第六章 同化〜他者と共同する自己にとって、同化はどのような意味、どのような価値を有しているのか

 

 もし生活が同化されないままの断片的な経験の寄せ集めにとどまっているとしたら、私が求めている完全な人格にはなかなか到達できそうにない。なじみのない思想とか感情とかは、私の個人的生活の価値と意味を高めるために同化されるべき貴重な素材なのだ。何かを同化させないまま手許にとどめておけば、私の生活に害を及ぼしかねない。よそものの知識、いら立たせる意見、胸につかえる感情などが、分裂や混乱のタネになりうるのである。

 同化するとは、異質のものを、それまで生きてきたものと、なんらかの方法で同質化してしまうことだ。忍耐つよく同化をはかる努力は生涯続く。人生に対する今までの見方、また現在の見方がおのずから変化するのである。変化を恐れて同化に抵抗したくなることがある。たしかに、同化を目指す生活は往々にして心身を疲れさせるが、しかしそのため生活はかならず豊かになるのである。同化を受けいれる社会は苦難やあつれきによく耐え、生き残るのだ。

 同化にあたっては、自分なりのペースを見出すことが肝要だ。未知の大海に乗り出すのに、あまりに急ぎすぎたり、あまりに遠くまで踏み込みすぎれば、永久に行方不明になってしまうだろう。出発した港を見失う、つまり、本来の私自身を忘れてしまいかねないのだ。

 変化の時機にあたって、あまりに多くのものを、あまりに手早く、危険にさらしてしまう人が少なくない。過去の体験という羅針盤を、向こう見ずに海中に投げ捨ててしまうのだ。これでは人生の意味についてせっかく発見した新天地も、自分の故国、母港、わが家との関連で位置づけることができなくなってしまう。

 私はさまざまな意見や価値を、おもむろに私の過去にあわせていく。まだ都合良く同化できない意見や価値は、それまでしばらくのあいだお預けにしておくのである。傲慢は同化をはばむ。他の人たちの生活または言葉の中に何らかの価値が示されても、私は傲慢のためにそれに気づかない。流行のとりこになった人々は、移り行く気まぐれの一つごとに右にならえする。流行を前にすると、私は自分の独自性を否み、私本来の人格をかくす。

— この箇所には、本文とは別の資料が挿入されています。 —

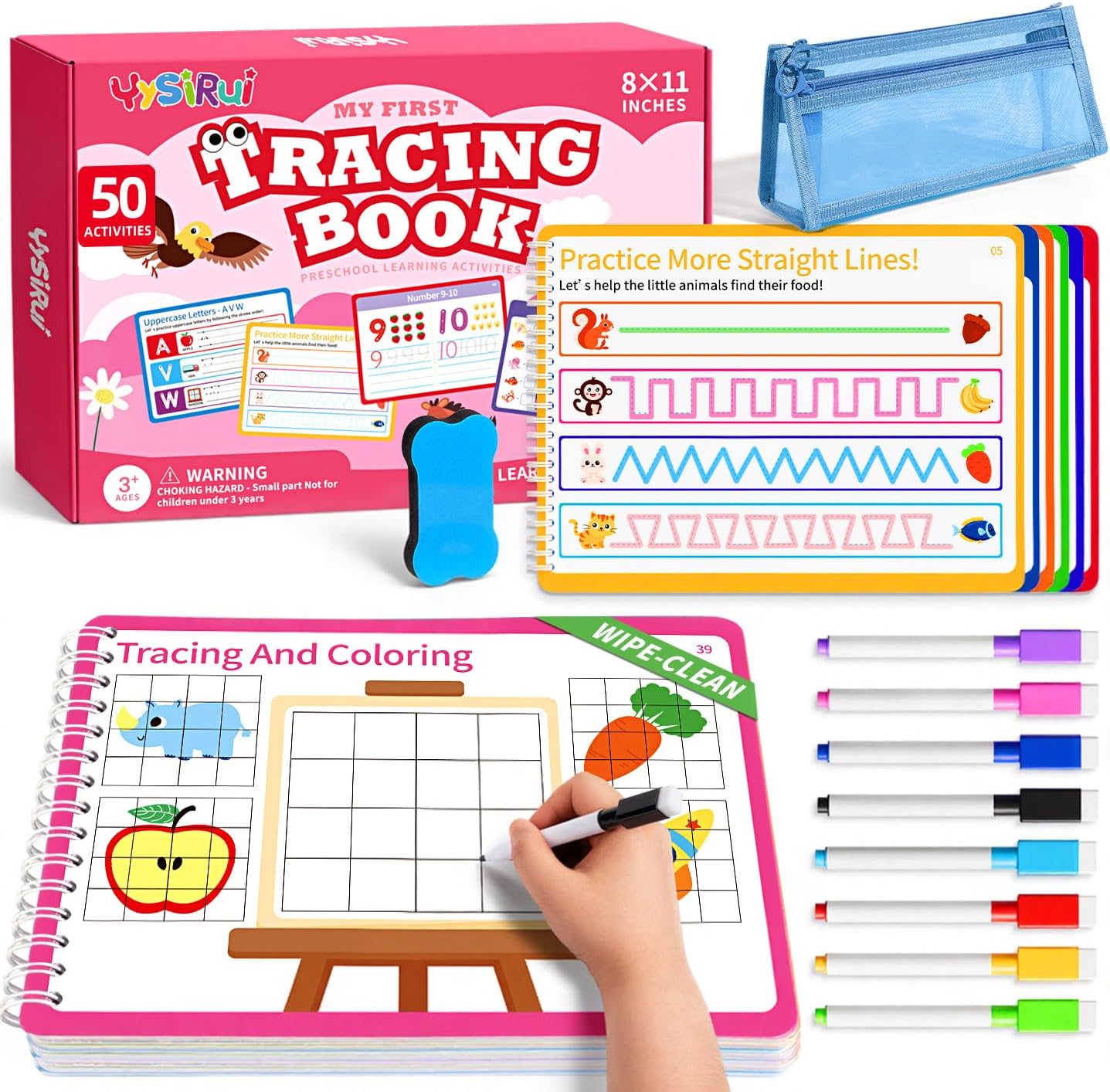 Preschool Learning Activities, Tracing Books for Kids Ages 3+, Toddler Handwriting Practice, Letter Tracing for Kids, Preschool Kindergarten Workbooks 3+, Learning Books for 3+ Years Old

 私にはまだ受けいれる用意のない生活様式であるのに、それをあまりにも熱心に追い求めすぎると、私は混乱に陥ってしまう。心を乱さない秘訣は、自分のペースを守ることなのだ。大海に乗り出して身につけたものを、私個人にとって有意義なものにするには、本来の自己に立ち戻ることが必要なのである。

 

第七章 回帰〜共同と回帰のリズムは、どのようにして、私の人格的成長に役立つのだろうか

 

 他者との共同によってみずからを知るに至った自己を、私は回帰によって取り戻す。この回帰の努力は、孤立した自己によってなされるのではない。私が取り戻すのは、つねに人間・世界・神につながりのある自己なのだ。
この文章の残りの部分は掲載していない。